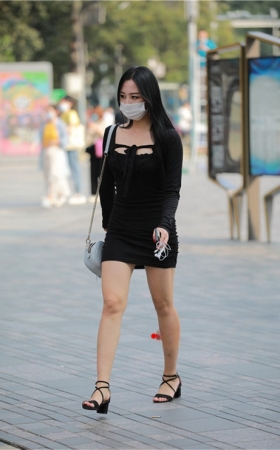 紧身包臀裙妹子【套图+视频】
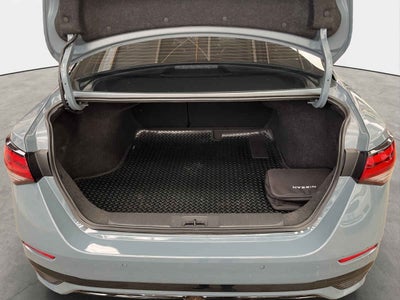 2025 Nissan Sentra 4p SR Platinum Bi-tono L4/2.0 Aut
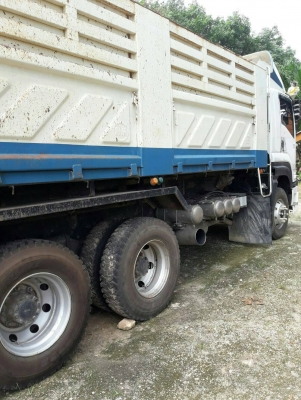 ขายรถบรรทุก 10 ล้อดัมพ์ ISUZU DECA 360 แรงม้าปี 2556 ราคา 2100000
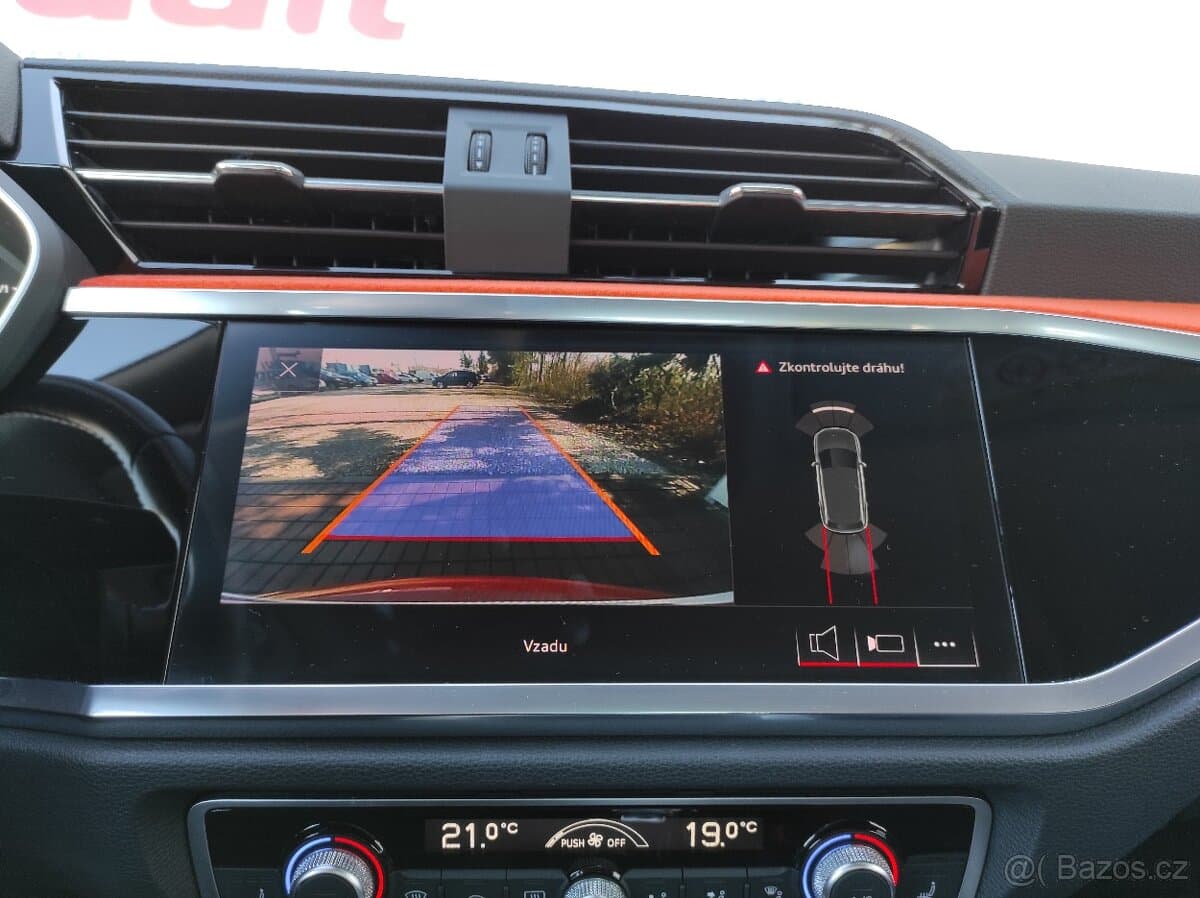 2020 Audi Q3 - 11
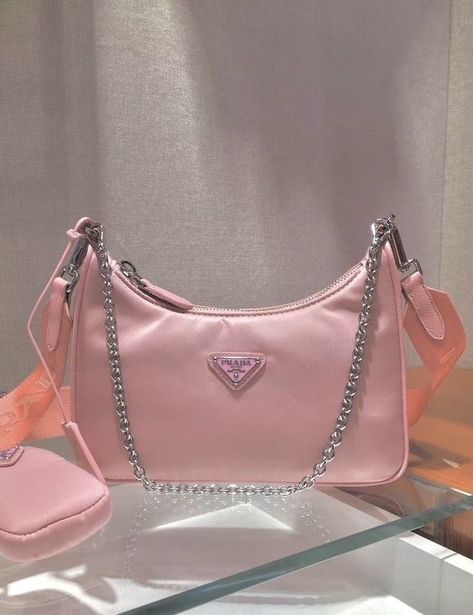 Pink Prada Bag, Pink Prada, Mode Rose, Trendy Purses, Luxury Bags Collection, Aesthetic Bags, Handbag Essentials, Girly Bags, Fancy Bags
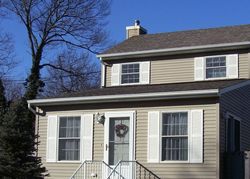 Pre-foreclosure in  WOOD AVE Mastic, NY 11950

※

Every line above should be transcribed word for word; leave the pictures out.

 紧身包臀裙妹子【套图+视频】
 2025 Nissan Sentra 4p SR Platinum Bi-tono L4/2.0 Aut
 ขายรถบรรทุก 10 ล้อดัมพ์ ISUZU DECA 360 แรงม้าปี 2556 ราคา 2100000
 2020 Audi Q3 - 11
 Pink Prada Bag, Pink Prada, Mode Rose, Trendy Purses, Luxury Bags Collection, Aesthetic Bags, Handbag Essentials, Girly Bags, Fancy Bags
 Pre-foreclosure in  WOOD AVE Mastic, NY 11950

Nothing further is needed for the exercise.